I have 3 dataframes that share a common key. I need to assign the values in the columns of dataframe A into the Values of Dataframe B based on the key values of the dataframe C. To better illustrate here are my examples.
options= [["Option1", "Description1"], ["Option2", "Description2"], ["Option3", "Description3"]]
dfA = pd.DataFrame(options, columns = ["Option", "Description"])
links= [["Link1", "LinkDescription1"], ["Link2", "LinkDescription2"], ["Link3", "LinkDescription3"]]
dfB = pd.DataFrame(links, columns = ["Link", "LinkDescription"])
master_ledger = [["Option1", "Link1"], ["Option2", "Link2"], ["Option3", "Link3"]]
dfC = pd.DataFrame(master_ledger, columns = ["Option", "Link"])
Looking at each of these DF's we see:
dfA
Out[14]:
Option Description
0 Option1 Description1
1 Option2 Description2
2 Option3 Description3
dfB
Out[15]:
Link LinkDescription
0 Link1 LinkDescription1
1 Link2 LinkDescription2
2 Link3 LinkDescription3
dfC
Out[16]:
Option Link
0 Option1 Link1
1 Option2 Link2
2 Option3 Link3
What I'm trying do is assign LinkDescription's in DFB the values from the option descriptions in dfA, but based on the option / link relationship inside dfC. So psuedo terms, this could be written as:
dfB["LinkDiscripiton"] = dfA["Description"] ->where dfB["LINK_ID"] == dfC["LINK_ID"] and dfA["OPT_ID"] == dfC["OPT_ID"]

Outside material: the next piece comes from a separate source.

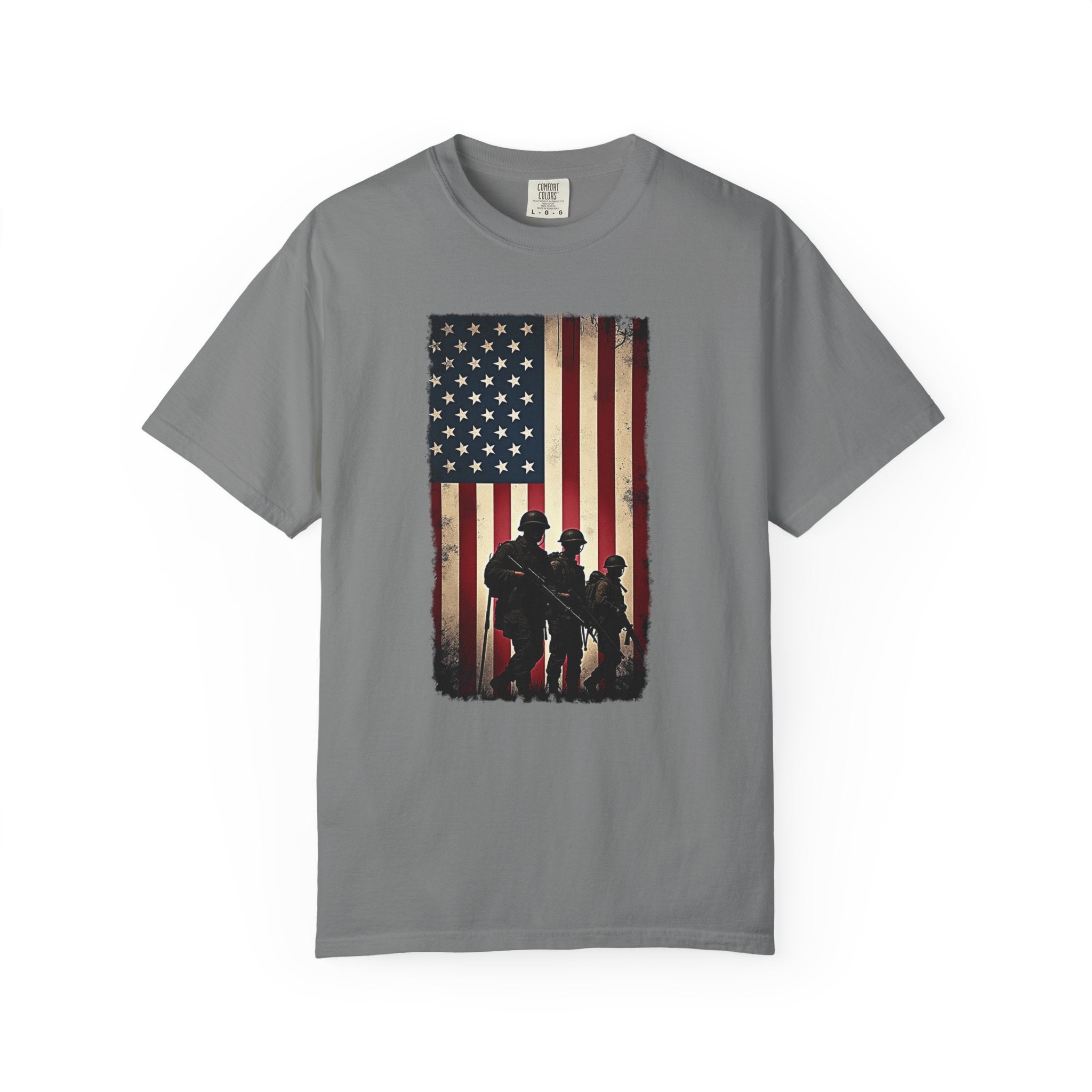 Gray t-shirt with vintage American flag and silhouette soldier design on a white background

The expected change would be applied to dfB and it would look like:
dfB
Out[15]:
Link LinkDescription
0 Link1 Description1
1 Link2 Description2
2 Link3 Description3
I'm not really sure how to approach this, so I don't have examples of my previous approaches. Thanks for the help.
Update#
Thanks to Yatu's Merge suggestion, I found the following to do the trick and assign the option descriptions into dfB's link Descriptions:
df_temp = dfA.merge(dfC, on='Option')
df_temp.merge(dfB, on = 'Link')[['Link','Description']]
dfB[["Link", "LinkDescription"]] = df_temp[["Link", "Description"]]
dfB:
Out[63]:
Link LinkDescription
0 Link1 Description1
1 Link3 Description2
2 Link2 Description3
Also just to better explain the desired output. If I had defined dfA to be: options= [["Option1", "Bronze"], ["Option2", "Gold"], ["Option3", "Silver"]] dfA = pd.DataFrame(options, columns = ["Option", "Description"])
dfA
Out[68]:
Option Description
0 Option1 Bronze
1 Option2 Gold
2 Option3 Silver
Then dfB would be changed to:
Out[63]:
Link LinkDescription
0 Link1 Bronze
1 Link3 Gold
2 Link2 Silver
Upvotes: 1
Views: 126
Reputation: 88236
You can use pd.merge
in order to merge the three dataframes on their corresponding keys, and then keep the columns that belong to dfB
:
df_temp = dfA.merge(dfC, on='Option').merge(dfB, on = 'Link')[['Link','Description']]
Link Description
0 Link1 Description1
1 Link2 Description2
2 Link3 Description3
Upvotes: 1